_Problem description_
For this exercise, write out the whole listing below exactly, omitting its images.

_Data excerpt_
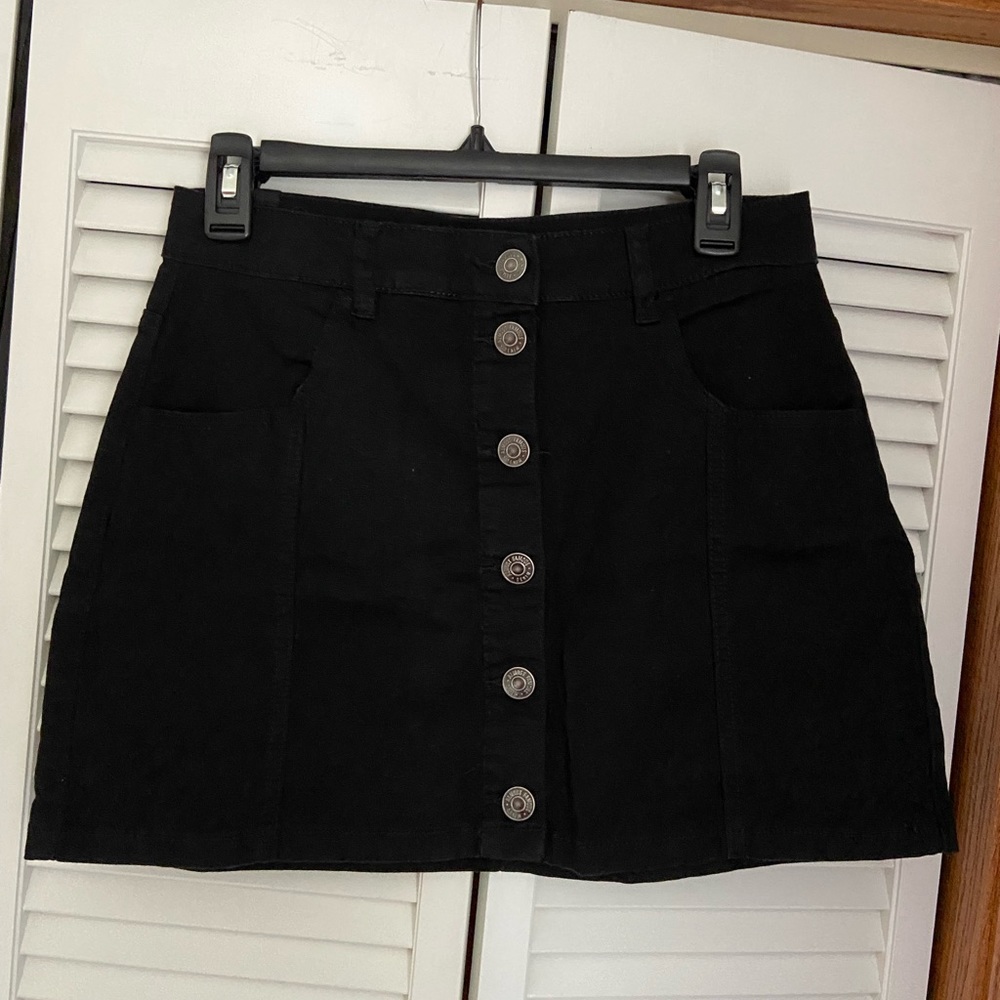 Black Skirt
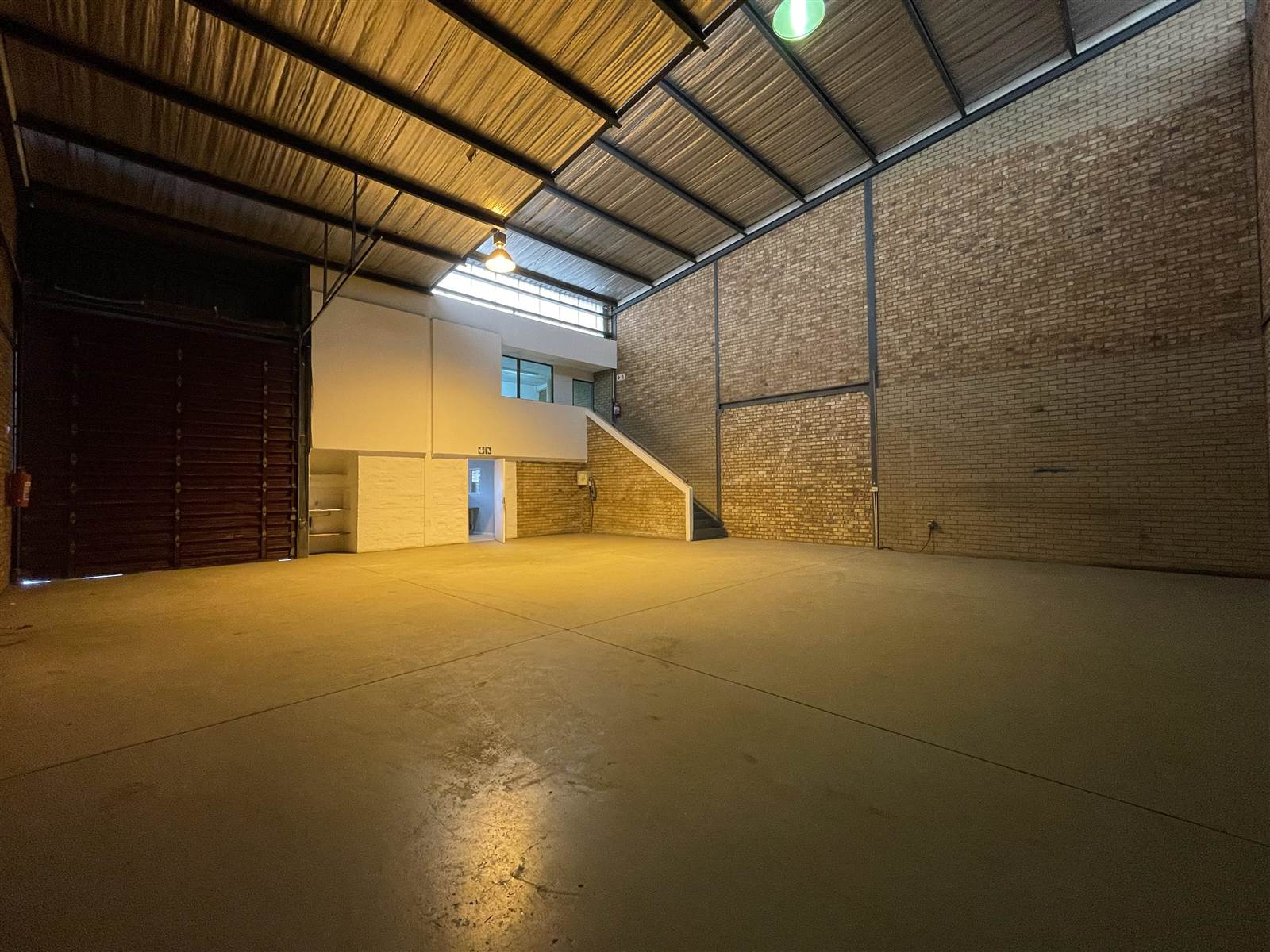 240  m² Industrial space in Driehoek photo number 3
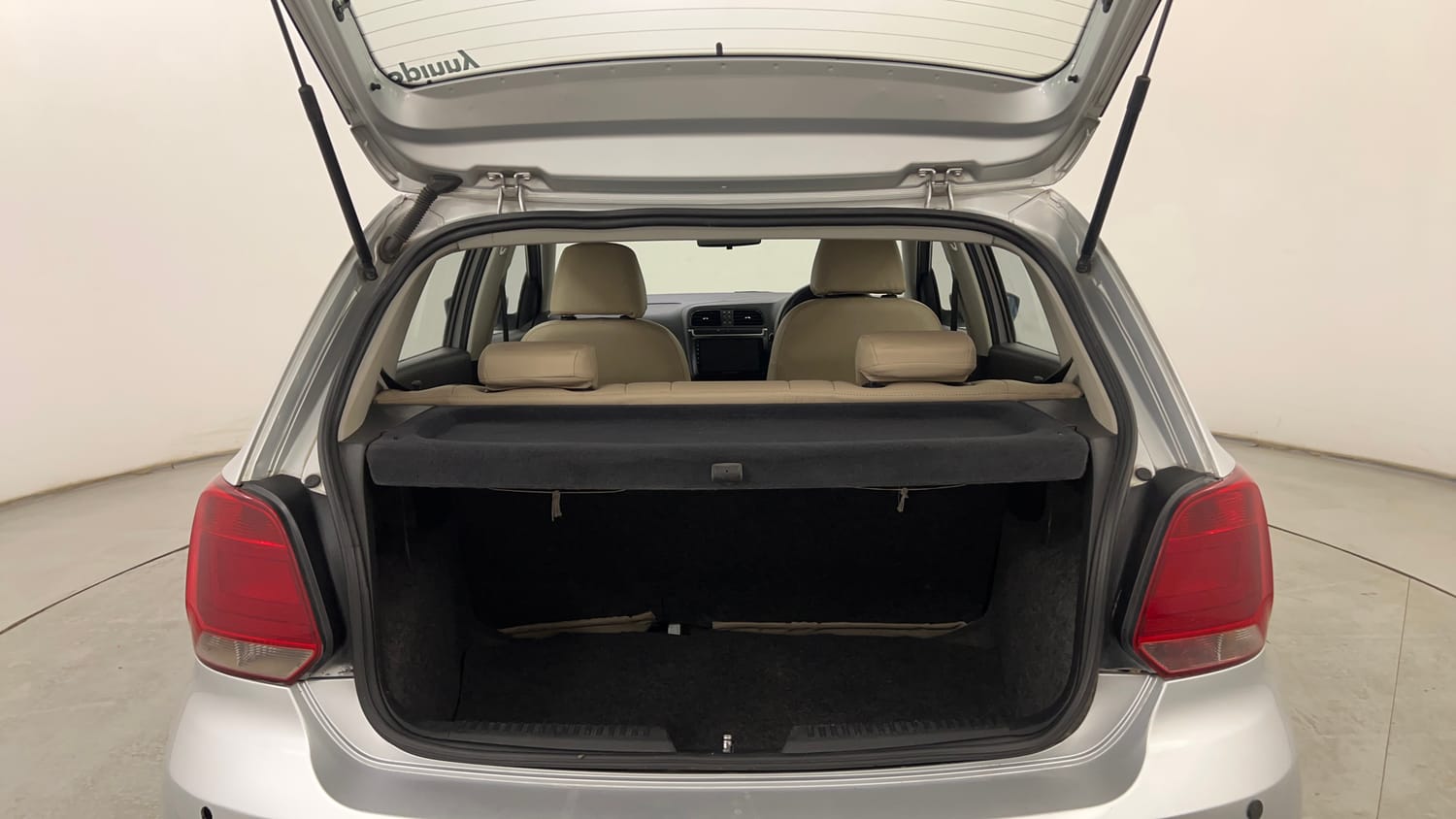 Used 2015 Volkswagen Polo Comfortline 1.2L (P) Petrol Manual interior DICKY INSIDE VIEW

_Exercise answer_
 Black Skirt
 240  m² Industrial space in Driehoek photo number 3
 Used 2015 Volkswagen Polo Comfortline 1.2L (P) Petrol Manual interior DICKY INSIDE VIEW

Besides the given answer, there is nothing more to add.